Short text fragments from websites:
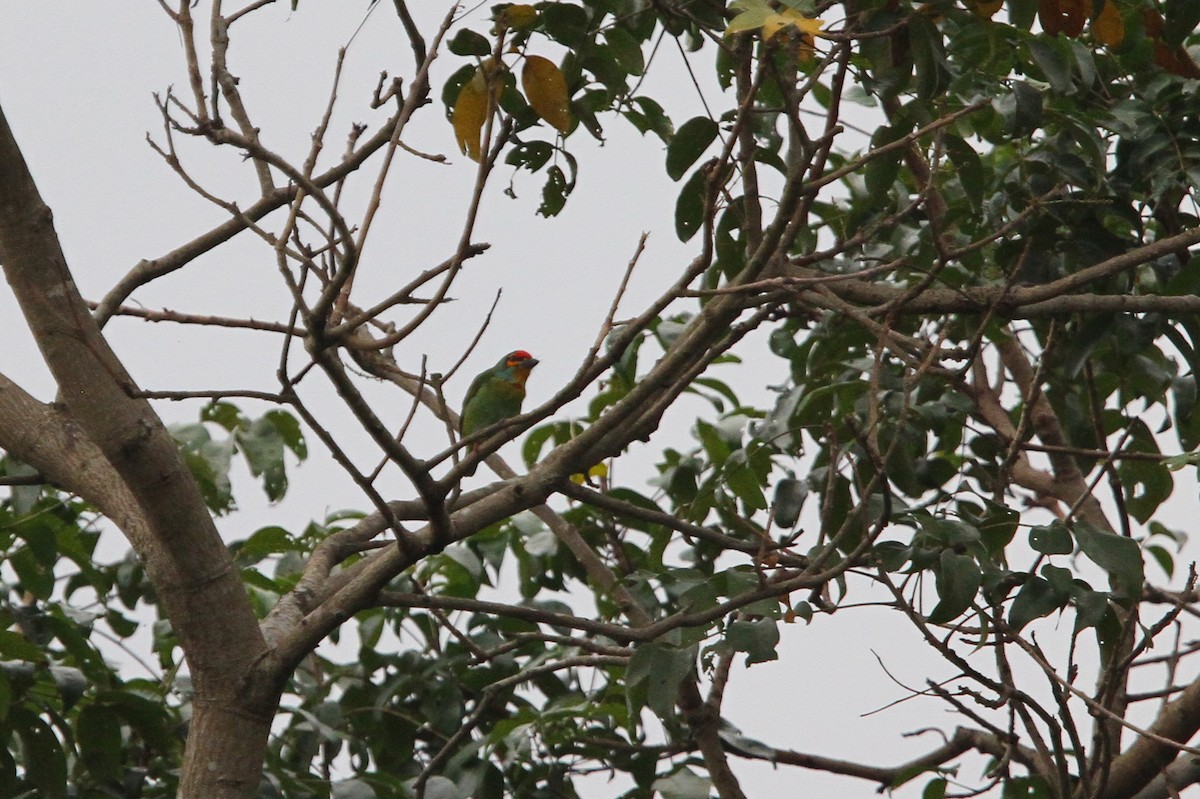 Ceylonbartvogel - ML134299071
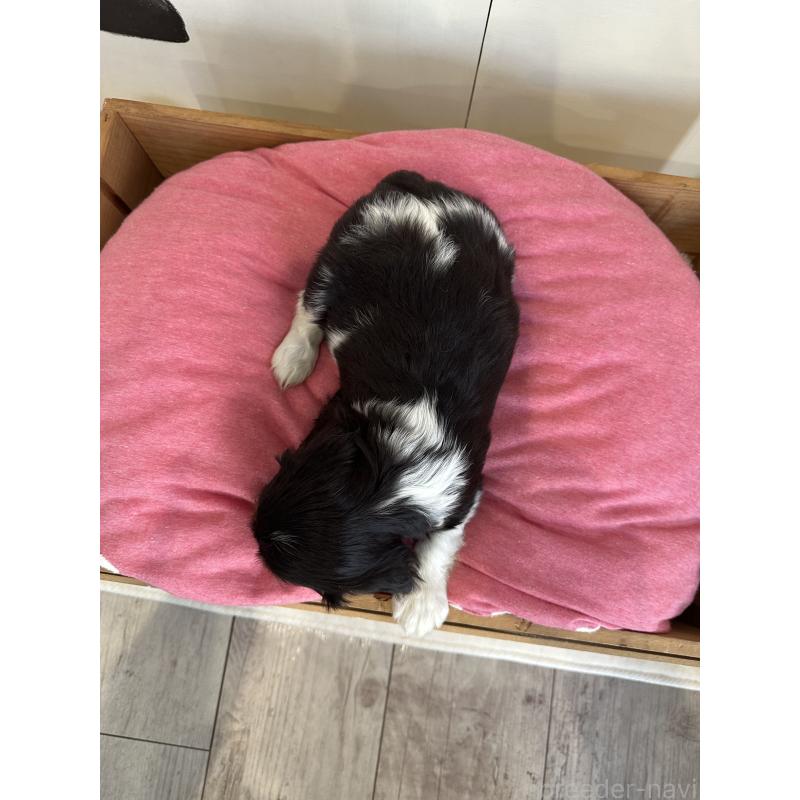 販売中の埼玉県のキャバリアキングチャールズスパニエル-433055の4枚目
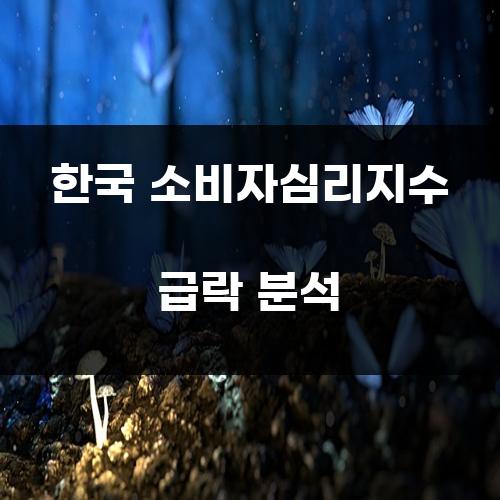 한국 소비자심리지수 급락 분석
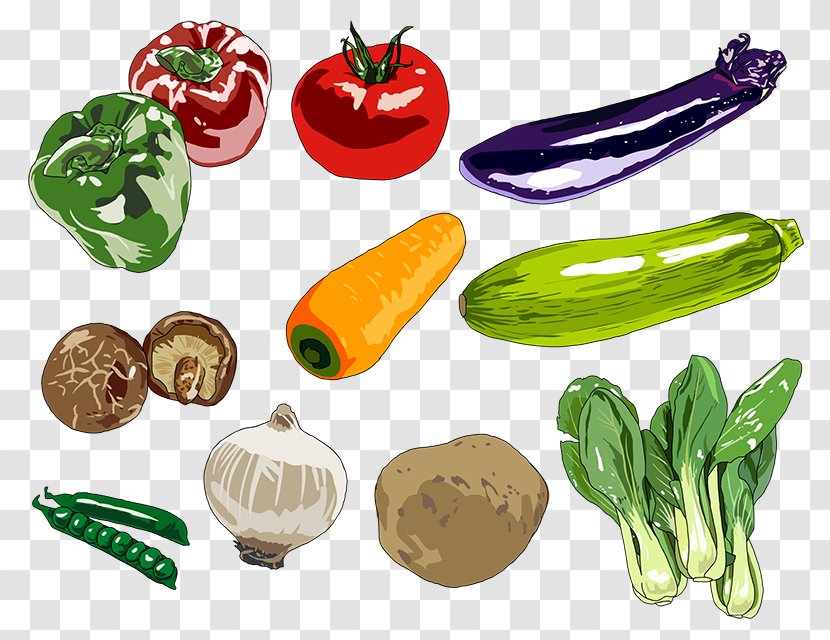 Food Drawing Digital Painting Art - Fruit - Vegetable Transparent PNG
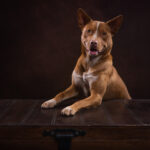 Red Kelpie x Cattle in the studio by Jo Lyons Photography 150x150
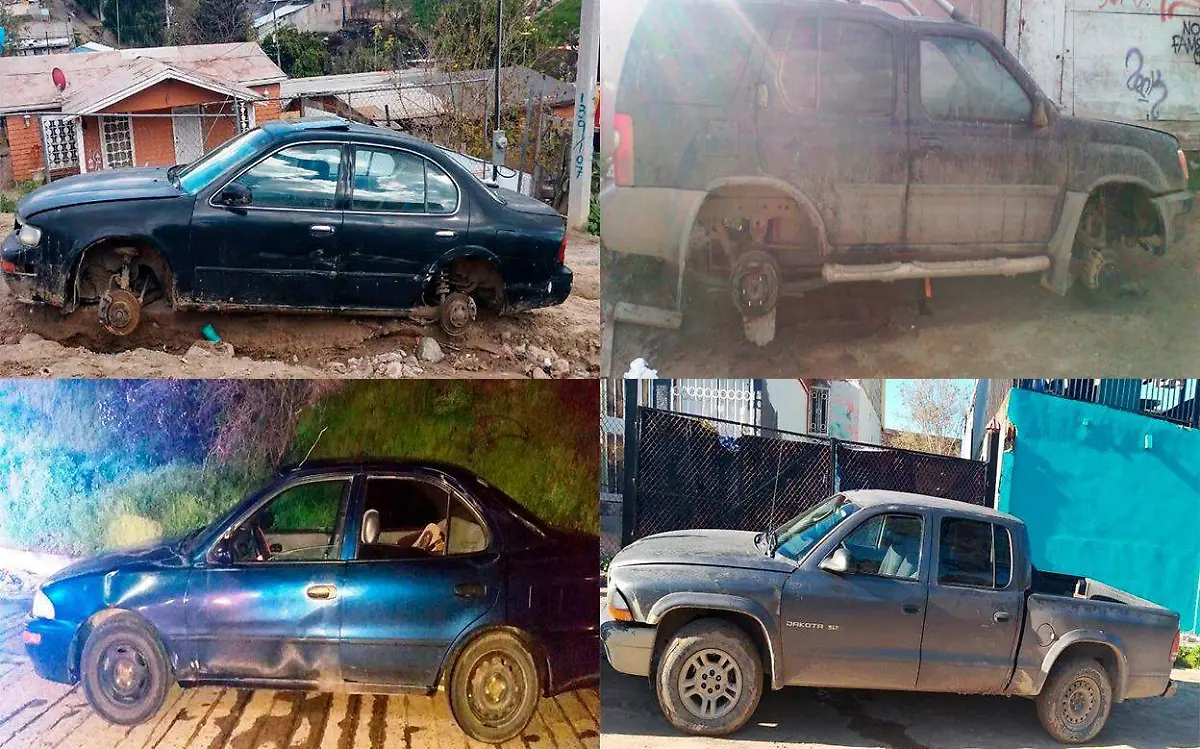 WhatsApp Image 2019-03-02 at 10.24.28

WORK TO BE COMPLETED = Leaving out any pictures, write the records above out exactly as they are.

REPLY =
 Ceylonbartvogel - ML134299071
 販売中の埼玉県のキャバリアキングチャールズスパニエル-433055の4枚目
 한국 소비자심리지수 급락 분석
 Food Drawing Digital Painting Art - Fruit - Vegetable Transparent PNG
 Red Kelpie x Cattle in the studio by Jo Lyons Photography 150x150
 WhatsApp Image 2019-03-02 at 10.24.28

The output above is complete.